EXERCISE GOAL | Repeat exactly the lines below that lie between the line with "Load image into" and the line with "GUCCI BLONDIE SMALL", counting both of those lines as part of the answer.

GIVEN RECORDS |
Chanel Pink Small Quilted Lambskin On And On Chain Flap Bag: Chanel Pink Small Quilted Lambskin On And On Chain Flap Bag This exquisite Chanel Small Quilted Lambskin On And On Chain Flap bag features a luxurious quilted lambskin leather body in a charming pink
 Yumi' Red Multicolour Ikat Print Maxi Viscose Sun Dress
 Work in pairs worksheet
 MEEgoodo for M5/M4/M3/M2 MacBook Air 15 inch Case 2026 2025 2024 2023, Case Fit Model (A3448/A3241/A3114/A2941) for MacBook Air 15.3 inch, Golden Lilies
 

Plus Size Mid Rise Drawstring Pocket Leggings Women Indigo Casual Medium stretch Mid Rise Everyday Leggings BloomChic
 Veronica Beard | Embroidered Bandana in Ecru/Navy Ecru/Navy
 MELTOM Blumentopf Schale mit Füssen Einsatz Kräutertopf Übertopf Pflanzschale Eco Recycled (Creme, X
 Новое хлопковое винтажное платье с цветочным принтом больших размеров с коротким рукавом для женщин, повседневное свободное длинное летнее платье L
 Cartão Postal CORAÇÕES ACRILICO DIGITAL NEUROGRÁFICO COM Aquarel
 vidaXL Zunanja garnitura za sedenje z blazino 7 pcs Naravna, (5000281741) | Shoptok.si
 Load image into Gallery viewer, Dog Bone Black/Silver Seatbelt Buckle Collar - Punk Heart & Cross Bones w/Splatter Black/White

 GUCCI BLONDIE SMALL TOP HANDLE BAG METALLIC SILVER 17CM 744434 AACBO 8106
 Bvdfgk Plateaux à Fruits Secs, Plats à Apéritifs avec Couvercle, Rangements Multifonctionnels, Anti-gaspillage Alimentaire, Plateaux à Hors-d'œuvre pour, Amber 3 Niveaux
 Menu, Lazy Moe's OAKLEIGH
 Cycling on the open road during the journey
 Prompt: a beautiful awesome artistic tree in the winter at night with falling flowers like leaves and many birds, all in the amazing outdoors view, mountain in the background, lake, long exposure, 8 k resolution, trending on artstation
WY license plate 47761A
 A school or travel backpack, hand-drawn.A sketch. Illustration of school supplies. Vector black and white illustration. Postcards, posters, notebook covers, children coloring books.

REPLY |
 Load image into Gallery viewer, Dog Bone Black/Silver Seatbelt Buckle Collar - Punk Heart & Cross Bones w/Splatter Black/White

 GUCCI BLONDIE SMALL TOP HANDLE BAG METALLIC SILVER 17CM 744434 AACBO 8106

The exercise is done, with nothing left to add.